Tocqueville also talked about excessive individualism, which he deplored. Individualism, he said, dries up the source of public virtues and ultimately converts itself into selfishness; the bond of human affections, he wrote, is loosened by our concern for individualism. Later on he modified this a bit to say that public opinion is an irresistible force that may encourage tyranny or at least the omnipotence of the majority. But that is not the American experience. Individualism is a sense that we are masters of our own souls, and although we are individuals we have the highest rate of membership in voluntary associations to be found in any democratic nation. How can you reconcile a commitment to individualism with this commitment to group enterprise? I think that in fact individualism to Americans means the ability for one person to chart his or her course, but it does not mean that we are selfish, it does not mean that we are indifferent to the interests of others, and it does not mean that we wish to impose on the opinions of others.

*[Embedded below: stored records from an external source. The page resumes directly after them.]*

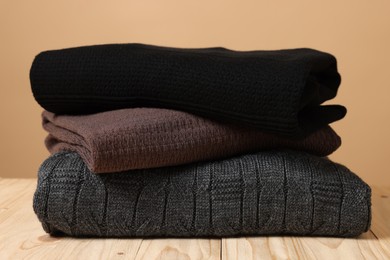 Photo of Stack of casual sweaters on wooden table against light brown background, closeup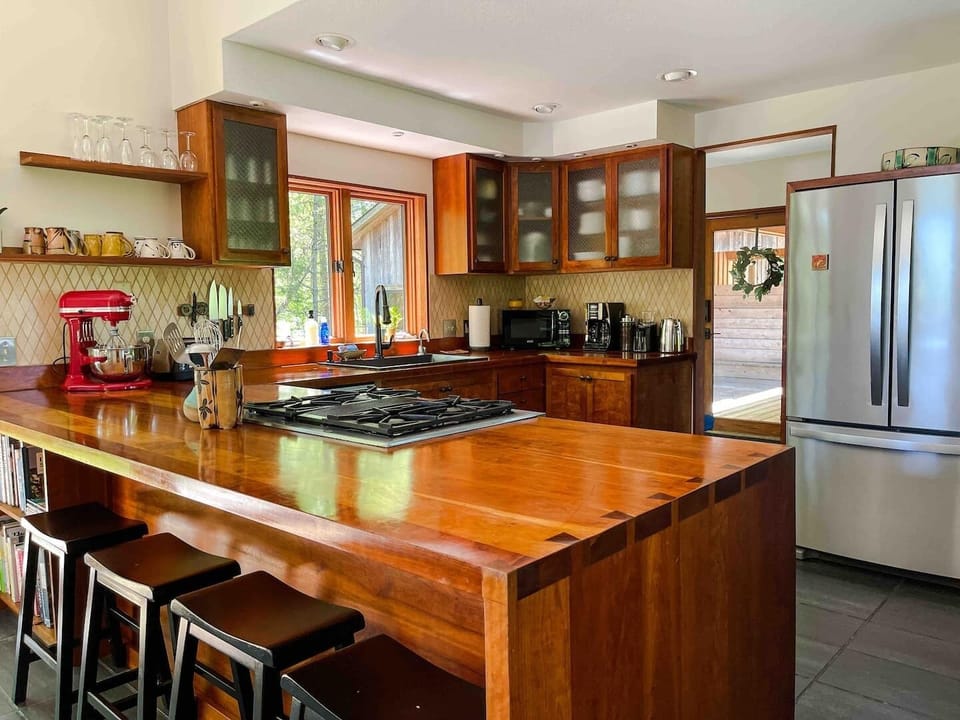 You’ll have almost anything you need to cook for a crowd including All Clad cookware, JA Henckels knives, stand mixer, dual fuel range with convection, blender, food processor, cookbooks, & lots of coffee options and an on-demand hot water dispenser!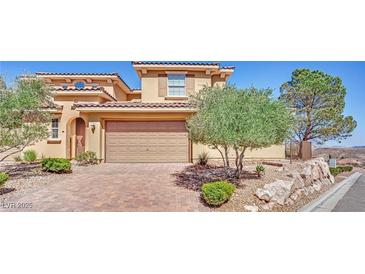 Charming two-story home featuring a tile roof, desert landscaping, and a two-car garage at 21 Via Mantova # 3, Henderson, NV 89011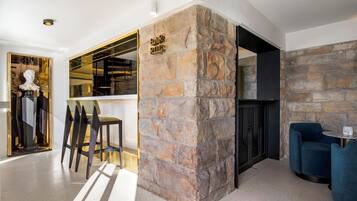 Un interior moderno con una pared de acento de piedra, una zona de bar y asientos.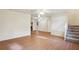 Living room with hardwood floors, neutral walls, and a staircase at 3188 Warrenton Ct, Douglasville, GA 30135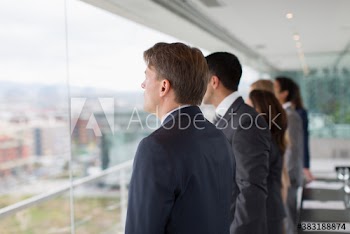 Forward looking business people at office window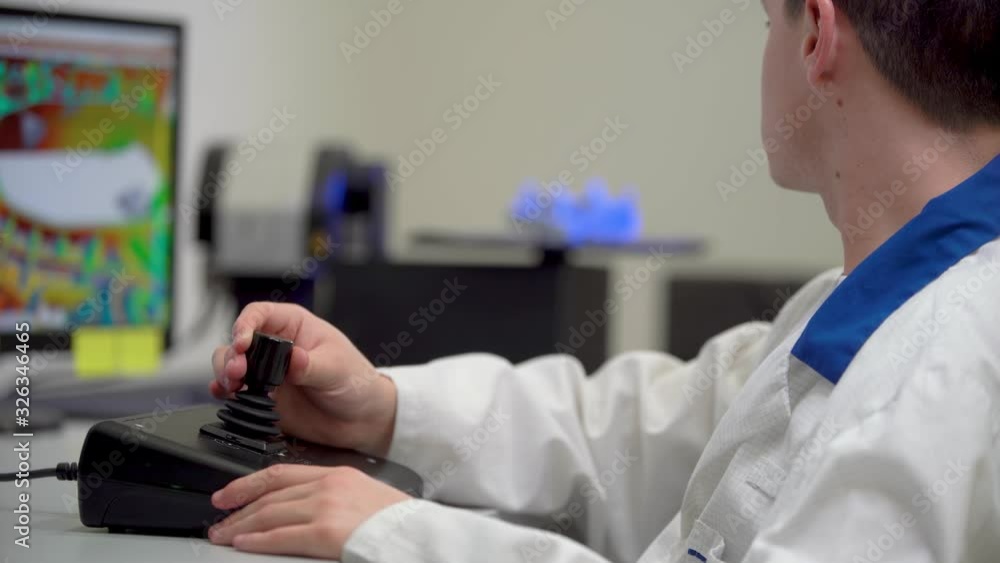 engineer scans high-quality plastic component with 3D scanner, rotating platform using joystick engineer scans high-quality plastic component with 3D scanner, rotating platform using joystick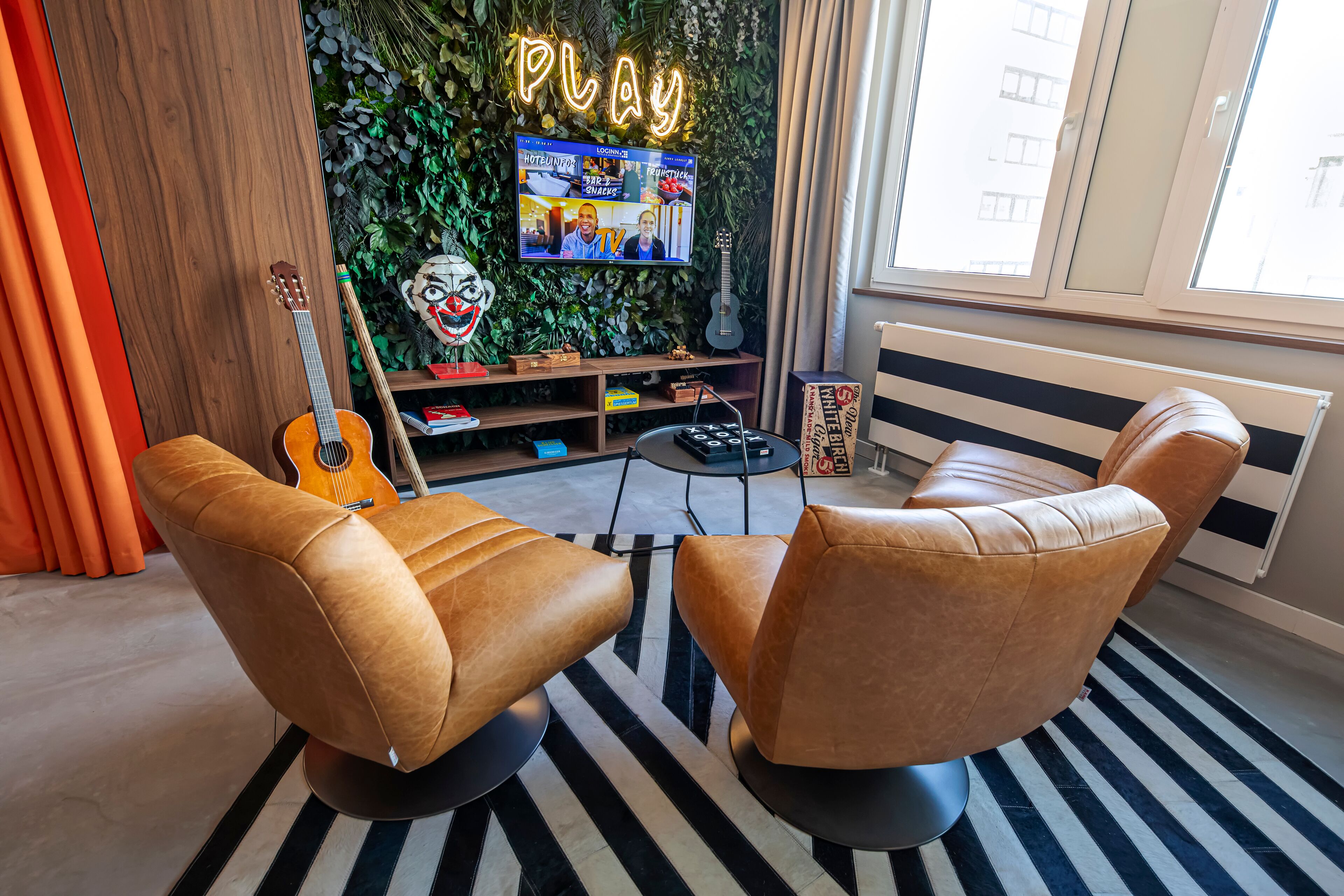 Una sala moderna con dos sillones de cuero, una guitarra, un televisor mostrando un partido y una pared con plantas y un letrero de neón.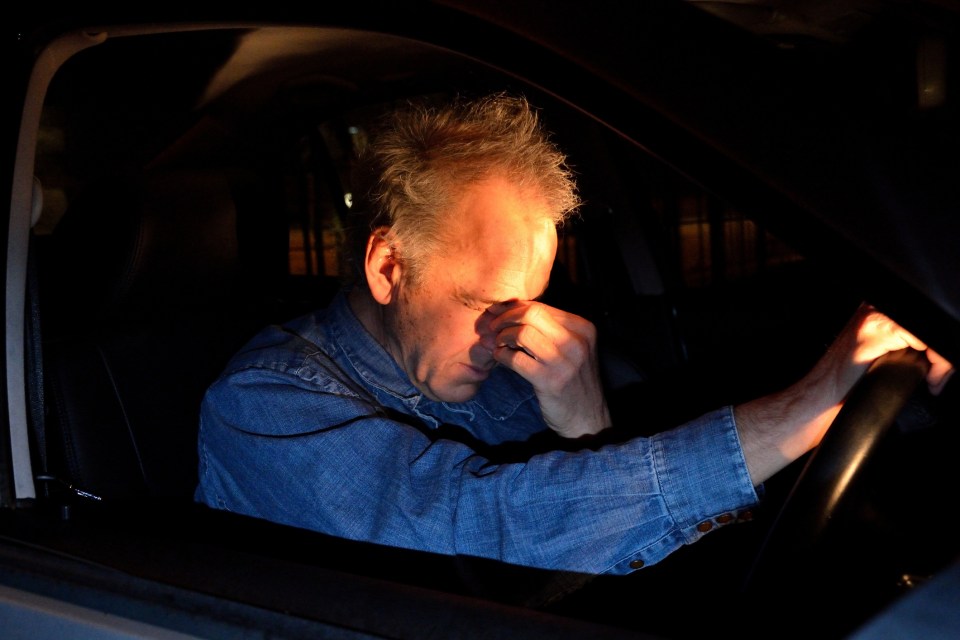 Tired driver rubbing his eyes while driving at night.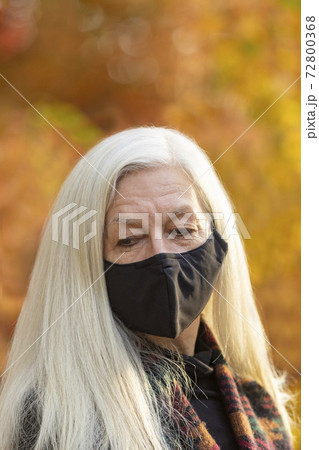 Portrait of senior woman wearing Covid protective mask outdoors in fall 72800368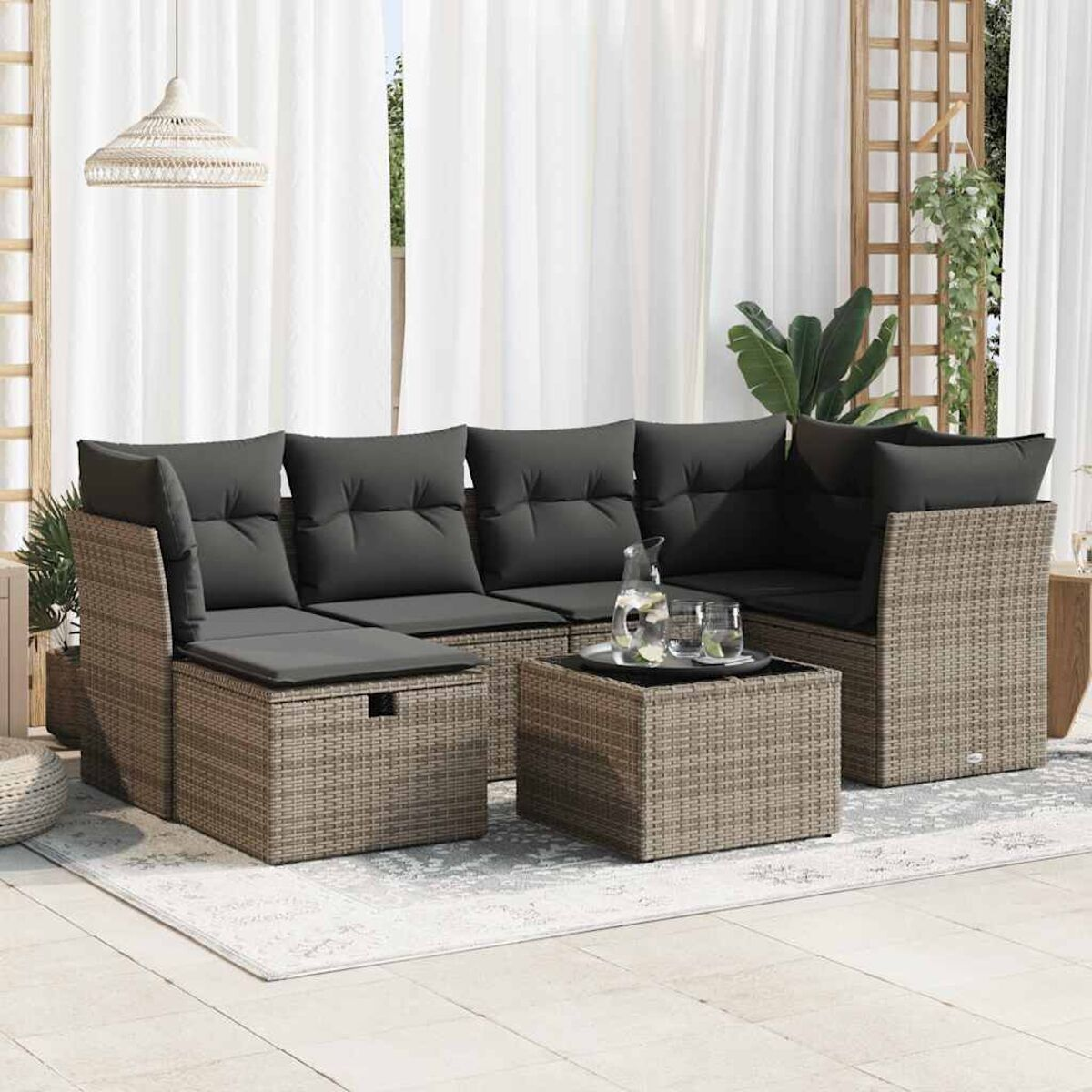 Outdoor-Set: graues Sofa, Couchtisch und Zubehör auf dem Teppich.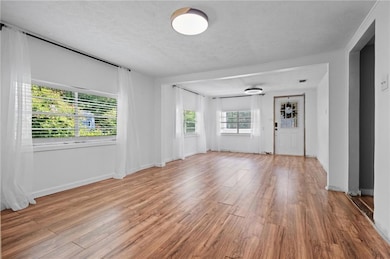 Empty room featuring wood finished floors and a textured ceiling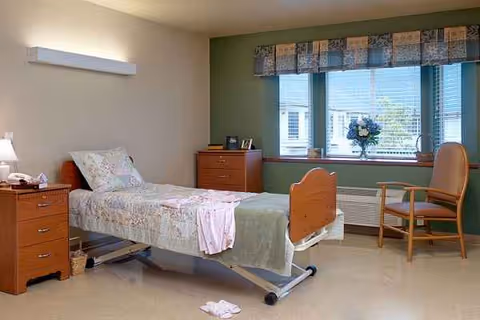 Hospital-style patient bedroom with adjustable bed, nightstands, dresser, window view, and chair.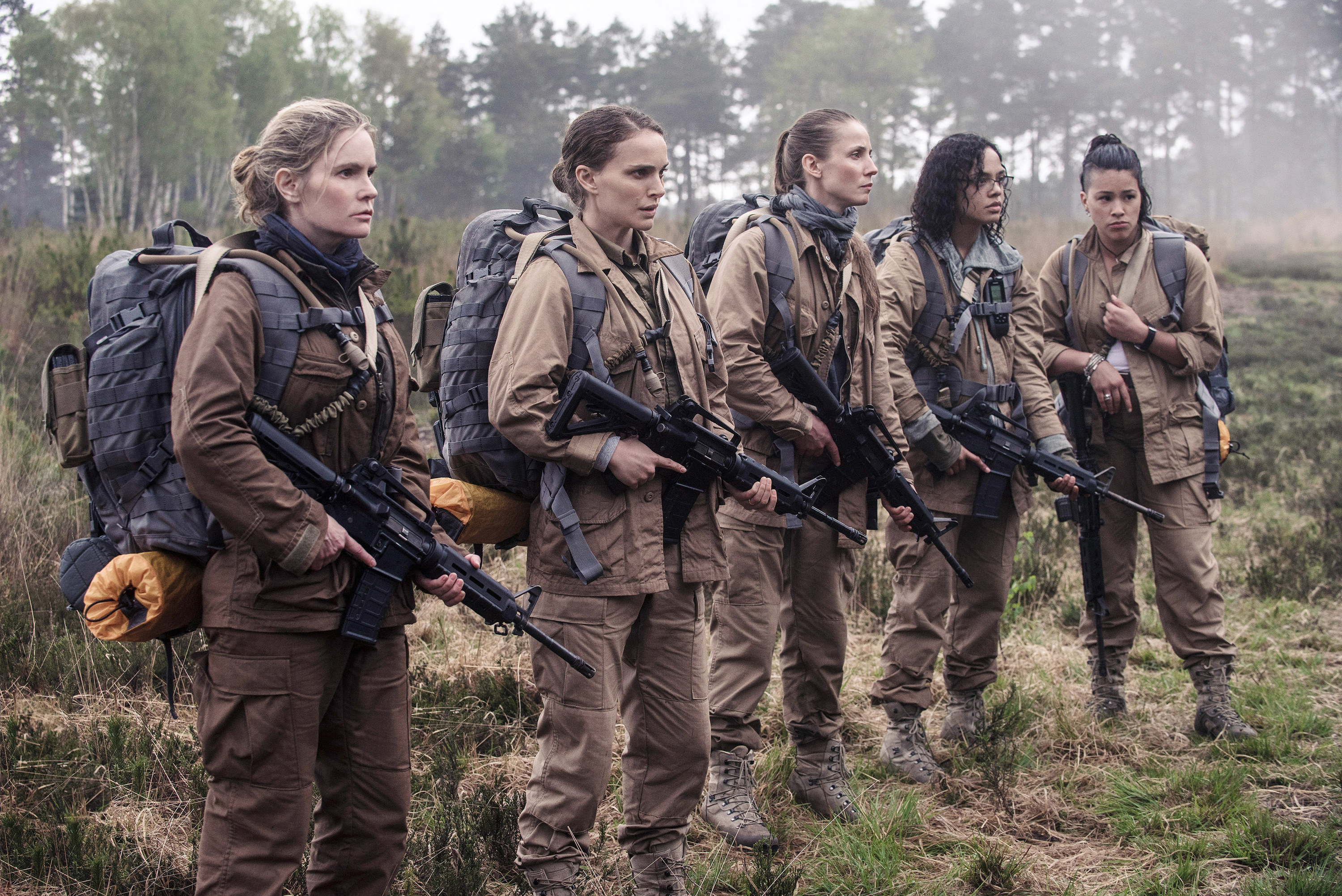 Five women in uniform holding guns and wearing large backpacks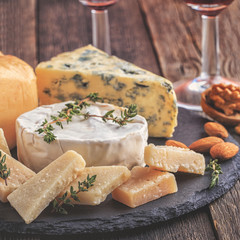Cheese, nuts, honey and red wine on wooden background.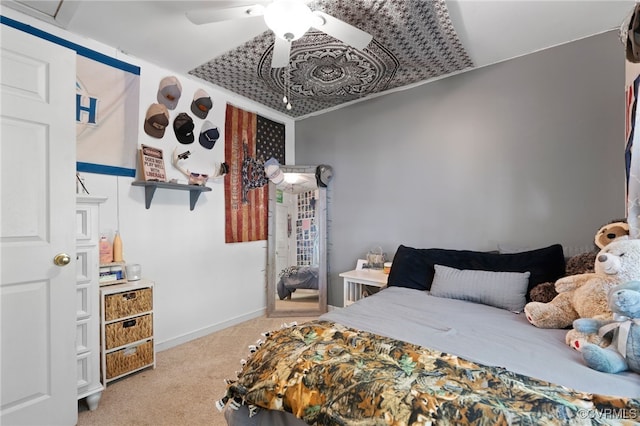 bedroom featuring baseboards, a ceiling fan, and carpet flooring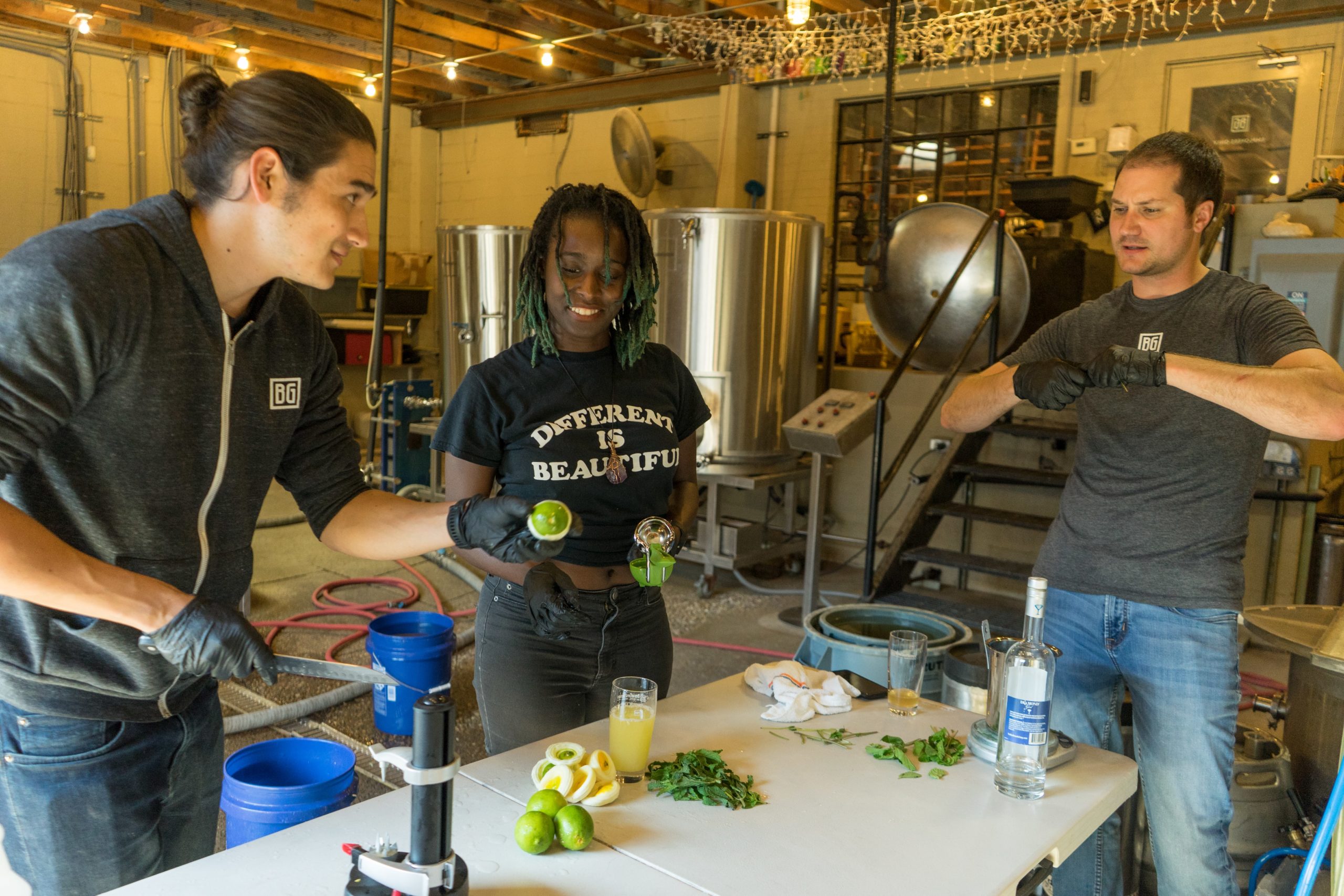 Chardae Jones, interim mayor of Braddock (center) working alongside the Brew Gentlemen team on their collaboration beer that will debut at Fresh Fest on Aug. 10. Photo: Brian Conway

Tocqueville spent much of his time—and this is the best part of his book—in talking about how we resist majority opinion. All of these comments, I think, are familiar to most of you. He talked about freedom of association; interest groups are an evil, but a necessary one. Americans join interest groups because of the early absence of government, the tradition of weak government, and the influence of Protestant religions that are organized by self-governing communities of believers. He wrote about jury service as a way for individuals to participate in the political system. He noted that the federal system relied on township government, and this aided freedom by allowing people at the local level to combat the possibility of a larger and more powerful government. The only aristocracy to be found in the U.S. was the natural aristocracy of lawyers and judges. The American Bar Association has not quoted this as frequently as it might, perhaps because most Americans think that the distinction between aristocracy and the jurisprudential tradition is a bit wider than Tocqueville imagined.

Habits of the Heart

But his most interesting argument was that the mores and the habits of the people are what keep the U.S. great. As you all know, many countries have adopted a system of constitutional arrangements very similar to that which you find in the U.S. In Mexico, in the Philippines, indeed, in most of Latin America you find duplicates of the American Constitution. But despite these duplicates and despite the fact that some countries, like Argentina, are rich in natural resources, you do not find our tradition of settled government, a respect for the rights of others, and the slow emergence of freedom which leads you to give due regard to the interests of other people without abandoning your commitment to the country as a whole.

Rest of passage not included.